Chain extension was performed using the ZnTPP photocatalyst under blue LED light sources (λmax = 465 nm, 2 mW/cm2). The polymerization system contained PAN-CTA (1 equiv., Mn = 90,000), ZnTPP (0.115 μmol, 0.03 equiv.), predetermined amount of PEGMA varying from 333 μL (300 equiv.) to 1665 μL (1500 equiv.), and DMSO (5.25 mL). After 48 h reaction at room temperature, the generated BCPs were precipitated in 50/50 (w/w) water/methanol solution under stirring and separated by filtration. The obtained BCPs were dried in 40 °C vacuum oven overnight. The Mn and block ratio of the BCPs were analyzed by 1H NMR and GPC.

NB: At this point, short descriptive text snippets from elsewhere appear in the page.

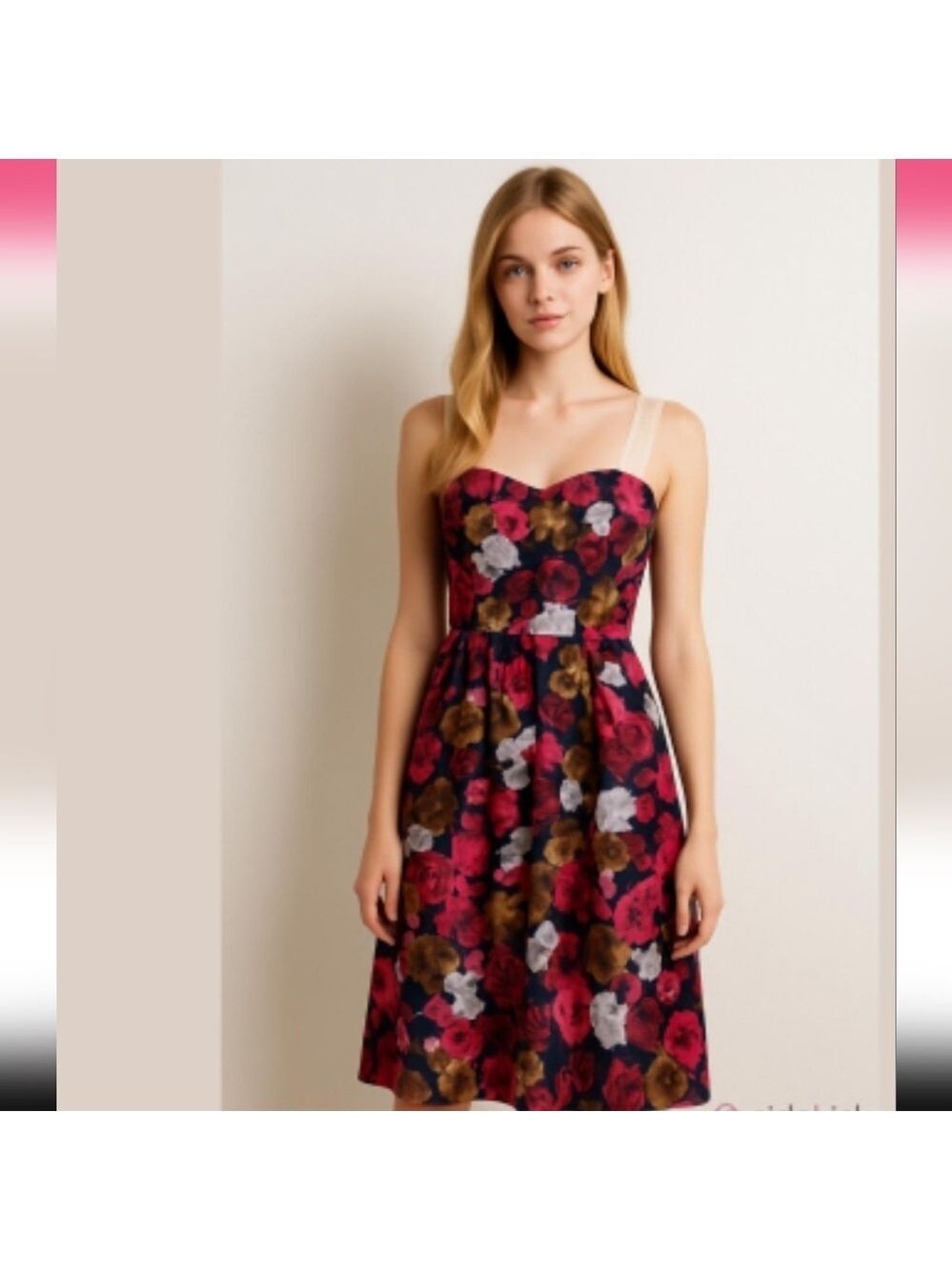 BB DAKOTA | dress floral mesh straps pink brown cream sz 6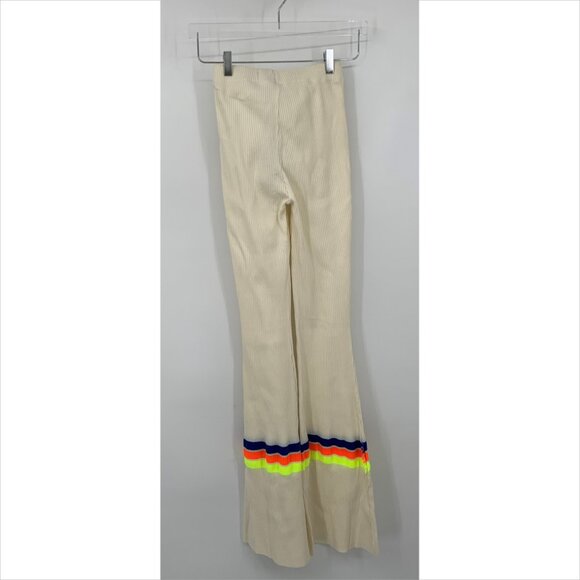 FillesAPapa flared ribbed stretch pants cream fringe orange blue yellow new 2 XS - Picture 5 of 8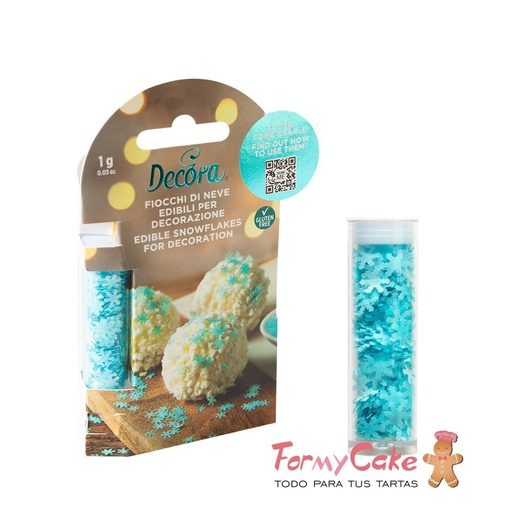 [2090207] Decoraciones comestibles copos nieve azules 1gr DECORA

Droplet-flow PET-RAFT polymerization

An oven-dried vial was charged with the CN monomers, CPDT, and ZnTPP dissolved in DMSO solution according to the recipe described above. After deoxygenation under N2 atmosphere, the mixture solution was loaded into a syringe and fitted to a pump. Another syringe loaded with the continuous phase, i.e., perfluoro octane, was also equipped to a pump. The two solutions were then injected into a mixer with a flow rate of 0.1 mL/min for the reaction mixture and 0.5 mL/min for the dispersant. Droplet-flow was generated at the outlet of the mixer, which was delivered into a PFA tubing reactor wrapped around a blue LED light source (λmax = 465 nm, 2 mW/cm2). The macromolecular chain transfer agent PAN-CTA was generated in the first stage. To achieve the chain extension, a deoxygenated PEGMA solution with predetermined concentration in DMSO was delivered to the system with a flow rate of 0.1 mL/min to be mixed with the PAN-CTA droplet-flow. The retention time of per stage of polymerization was controlled at 6 h. After the reaction, the product solution was passed through a back-pressure regulator and was collected and dried for analysis.